1.多source到一agent
agent1 -> agent3
agent2 -> agetn3
Avro Source可以定制avro-client发送一个指定的文件给Flume agent,Avro源使用Avro RPC机制,Flume主要的RPC Source也是 Avro Source,它使用Netty-Avro inter-process的通信(IPC)协议来通信,因此可以用java或JVM语言发送数据到Avro Source端。它的配置文件主要包含三个参数:
- type: Avro source的别名是avro,也可以使用完整类别名称,org.apache.flume.source.AvroSource;
- bind: 绑定的IP地址或主机名。
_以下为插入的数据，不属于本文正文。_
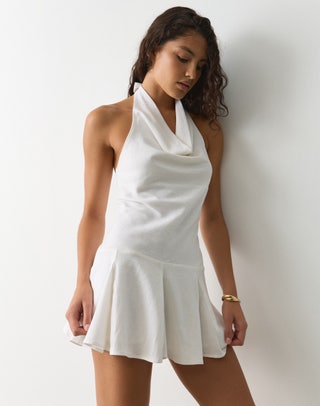 navy linen wrap dress Meraki Wrap Dress Navy – LUXMII main image 1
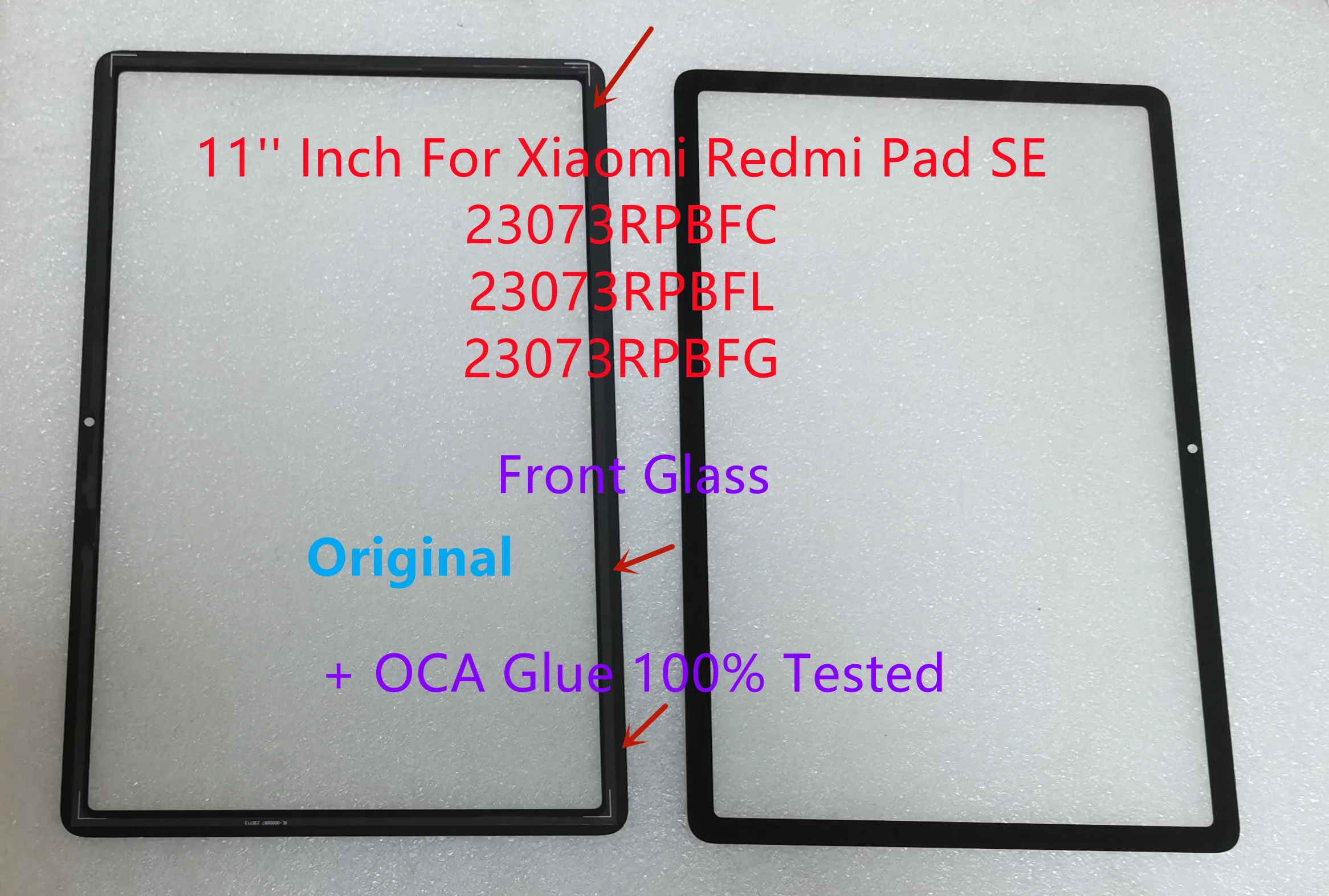 

11'' Inch For Xiaomi Redmi Pad SE 23073RPBFG 23073RPBFC 23073RPBFL Touch Screen Panel Tablet Front Glass + OCA Glue 100% Tested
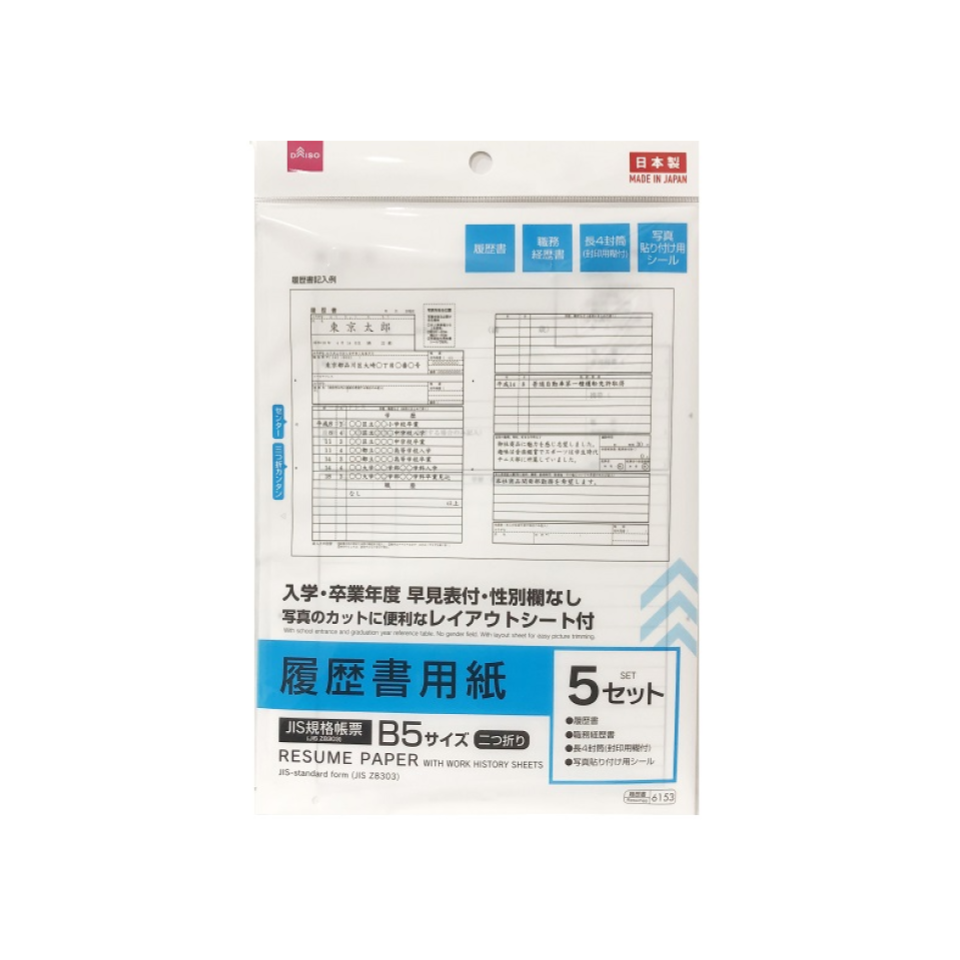 Resume Paper with Work History Sheet Set of 5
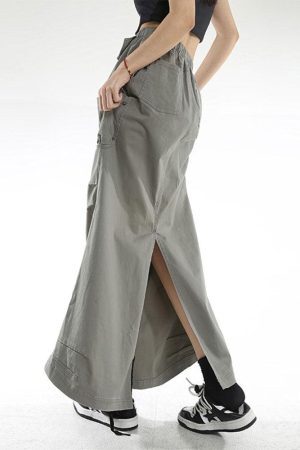 Style Core Aesthetics, New Style Trends - Cargo Pockets Parachute Maxi Skirt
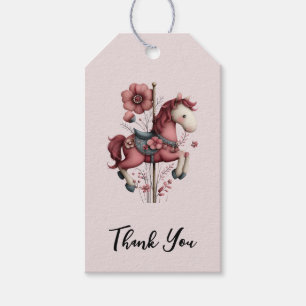 Whimsical Karusellhäst Bild Tack Presentetikett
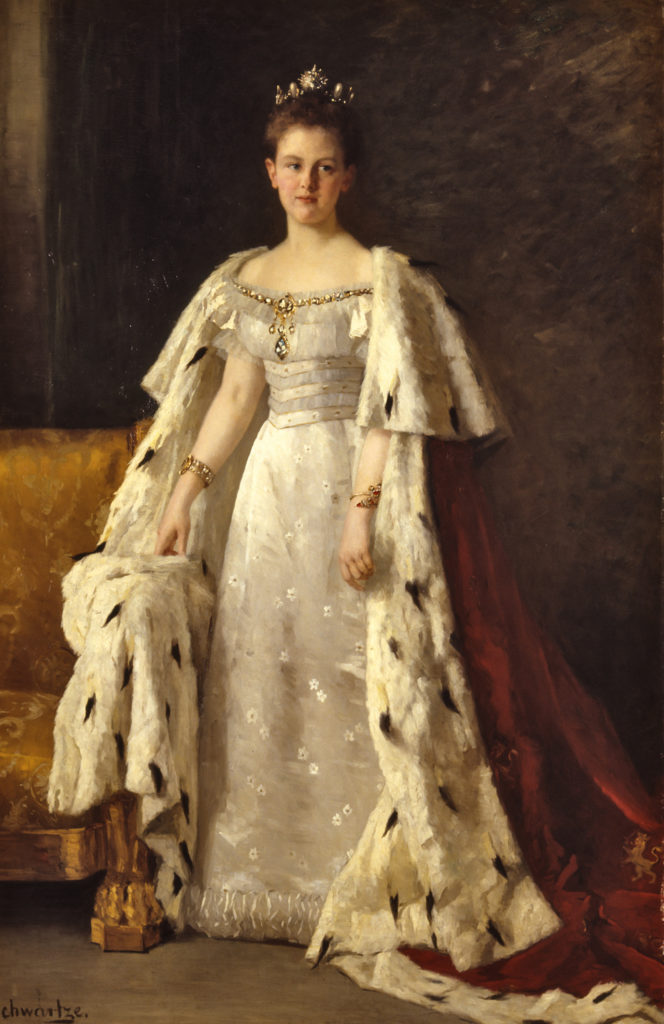 Thérèse Schwartze, State portrait of Wilhelmina, Queen of the Netherlands, 1897, Paleis Het Loo, Apeldoorn, Netherlands.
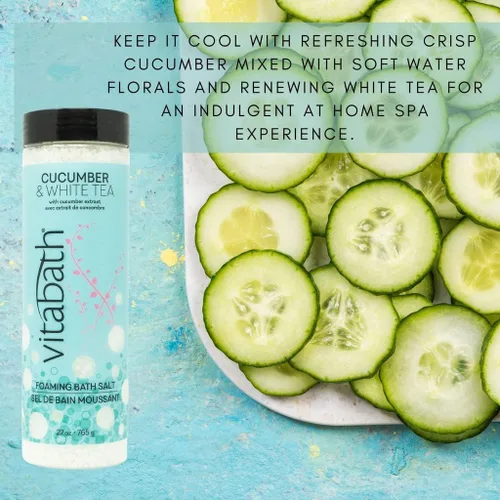 Miniatura 4 de Vitabath Sales de baño espumosas de pepino y té blanco, aromaterapia relajante para el cuidado de la piel, para el cuidado de la piel, calmante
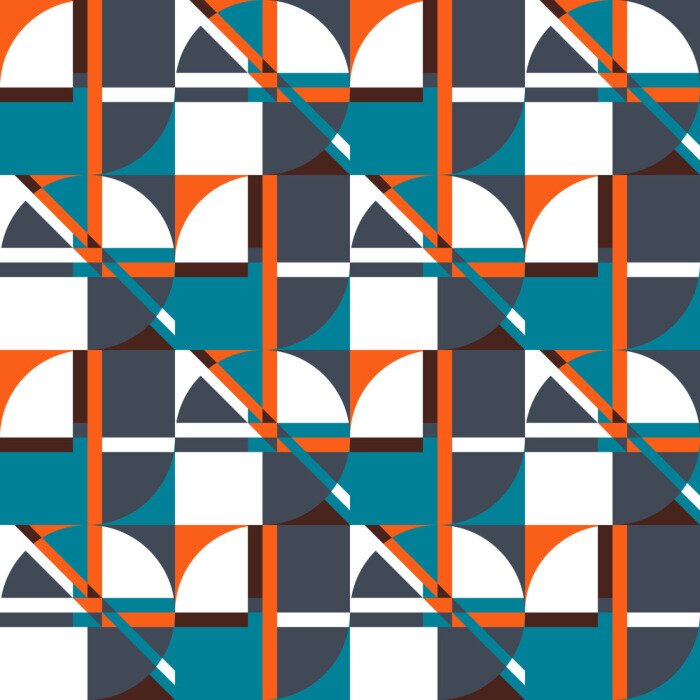 Behang Vector abstract geometric seamless background with shapes and bold colors. Retro illustration in bauhaus style.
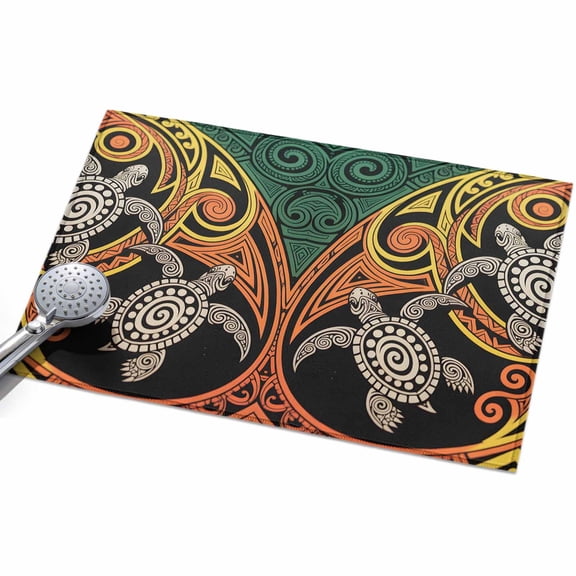 Polynesia Texture Entryway Rug 2x3ft Washable Non Slip Bathroom Rug Indoor Floor Front Door Mat Abstract Traditional Tribe Sea Turtle Rectangle Area Rugs Carpet for Kitchen Office Dining Room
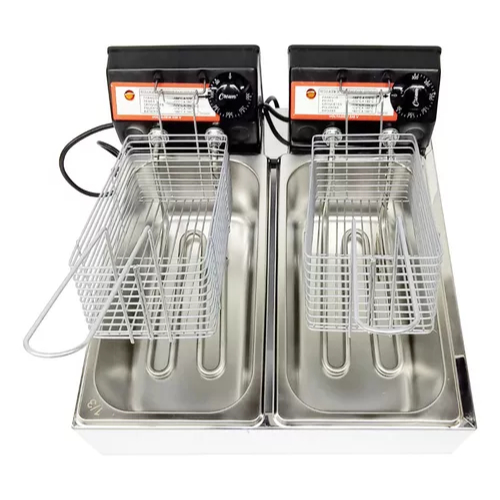 Fritadeira Elétrica Óleo Inox Profissional Cuba dupla Total 7 Litros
使用0.0.0.0绑定机器所有端口
- port: 绑定监听端口端口
agnet1 的配置文件flume-netcat-avro.conf
#定义agent
a1.sources = r1
a1.sinks = k1
a1.channels = c1
#定义source
a1.sources.r1.type = netcat
a1.sources.r1.bind = hadoop000
a1.sources.r1.port = 44444
#定义channnel
a1.channels.c1.type = memory
#定义sink
a1.sinks.k1.type = avro
a1.sinks.k1.hostname = hadoop000
a1.sinks.k1.port = 44445
#定义配置关系
a1.sinks.k1.channel = c1
a1.sources.r1.channels = c1
agent2的配置文件 flume-taildir-avro.conf
#定义agent
a2.sources = r1
a2.sinks = k1
a2.channels = c1
#定义source
a2.sources.r1.type = TAILDIR
a2.sources.r1.positionfile = /home/hadoop/position/taildir_position.json
a2.sources.r1.filegroups = f1 f2
a2.sources.r1.filegroups.f1 = /home/hadoop/data/test1/example.log
a2.sources.r1.filegroups.f2 = /home/hadoop/data/test2/.*log.*
#定义channnel
a2.channels.c1.type = memory
#定义sink
a2.sinks.k1.type = avro
a2.sinks.k1.hostname = hadoop000
a2.sinks.k1.port = 44445
#定义配置关系
a2.sources.r1.channels = c1
a2.sinks.k1.channel